What seems important to our economy now may not be important in the future. So why not suck it and see?
If these so-called “level playing field” problems can be resolved in this way, it will leave fish.
President Emmanuel Macron has upped the ante on this matter. He’s terrified that French fishermen will become the new yellow vests (yellow vests), dumping tons of cod on the Champs-Elysees and setting off a new round of street protests, with a presidential election in less than 18 months and the largest threat to him. the populist right.
But if Britain is ready to accept less than ideal conditions of competition, the EU in general – and German Chancellor Angela Merkel in particular – should be ready to lean on President Macron.
Additional compensation for French fishermen and a higher French share of EU fishing quotas after Brexit (sorry Ireland, you’ll lose – but no deal would be the worst for you) should do the trick. If fishing quotas are allowed to sabotage a deal, Presidents Xi and Putin will conclude that we have lost ground.
They will see it as another nail in the coffin of Western democracy. So the penalty for failing Brexit negotiations is much higher than the cost of British lamb tariffs or the inconvenience of long queues in Dover (pictured on December 11)
True Brexiteer believers will hate a deal like this. It will be a meager deal – not so much the Canada + they promised, more Canada Dry.
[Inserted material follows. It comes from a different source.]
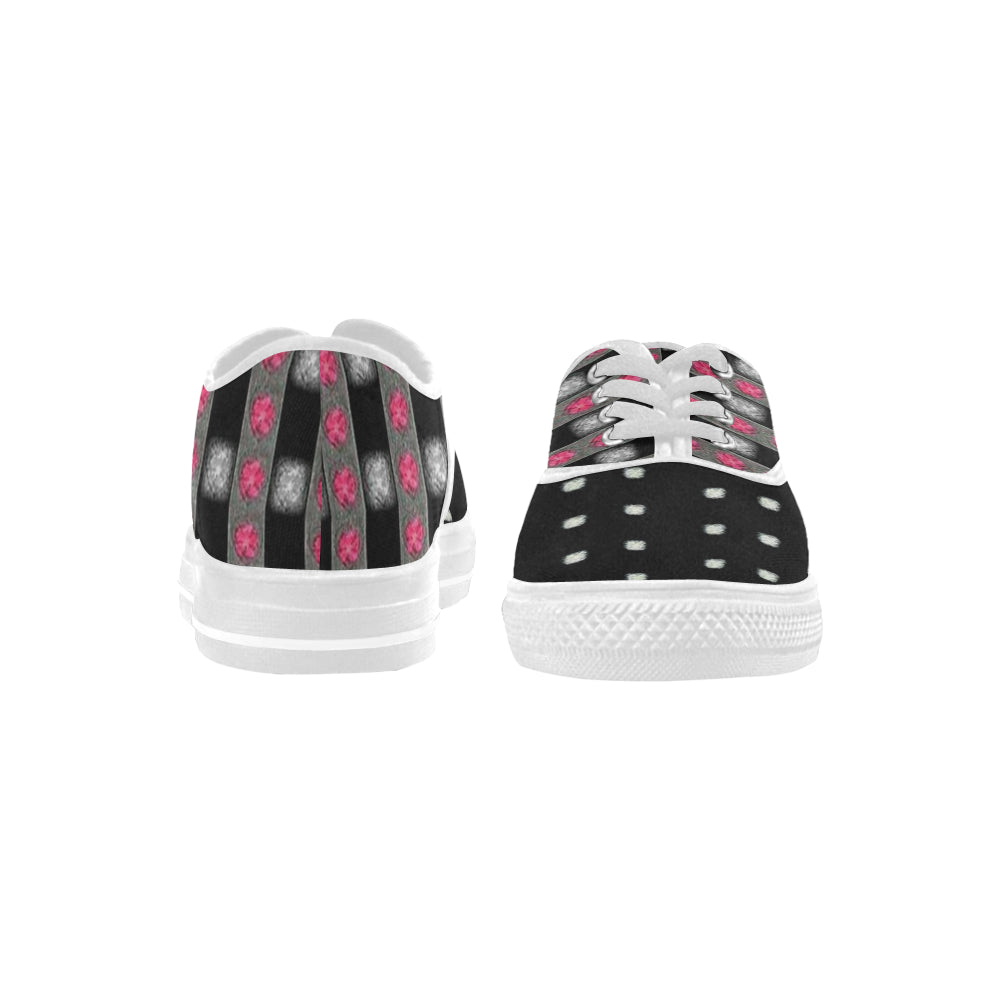 Fabric47 541 kb black bling polka dot Oxford Cloth Women's Sneakers/Large (Model 10133) e-joyer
But Brexiteers assured us during and after the referendum that a free trade deal with Brussels would be the simplest and most ambitious in history. Thus, their credibility in negotiating agreements is not high.
There will be many in the heart of the EU who will also be unhappy with the likely deal (if there is one). But the talks were soured from the start by the desire of the Brussels elite to punish Britain for having the temerity to leave the EU – and to make it so obnoxious that no other EU member would follow.
The EU’s position has always been illogical. He believed that Brexit was an act of untold self-harm on Britain’s part. Yet he also wanted to confine a post-Brexit Britain so that it couldn’t go too far on its own. It was never explained why a country that they said was moving towards record status had to be so hampered.
I suspect the real fear in Brussels has always been that Britain will succeed with Brexit. It remains to be seen. What matters now is that a deal is struck and politicians on both sides of the Channel then focus on the future, which is not necessarily bright.
The euro zone will probably be the last major region in the world to recover economically from the pandemic. The euro is soaring, prices European exports out of foreign markets, the European Central Bank is running out of firepower to further stimulate the European economy and core inflation is heading towards zero – which adds to a continent on a deflationary Japanese precipice, with stagnation as far as the eye can see.
Great Britain should not be satisfied with it. We need a vibrant euro area to prosper. And our politicians have their own job to do. They need to tell us what exactly Britain is going to do after Brexit with its newly restored sovereignty.
What’s the strategy to put the country at the forefront of artificial intelligence, pharmacy, robotics, digitization and 5G – all of which could explode in a Britain that is no longer held back by overly cautious EU regulation.
British politicians have remained silent on what they plan to do with Brexit. After January 1, there will be no more excuse for further silence.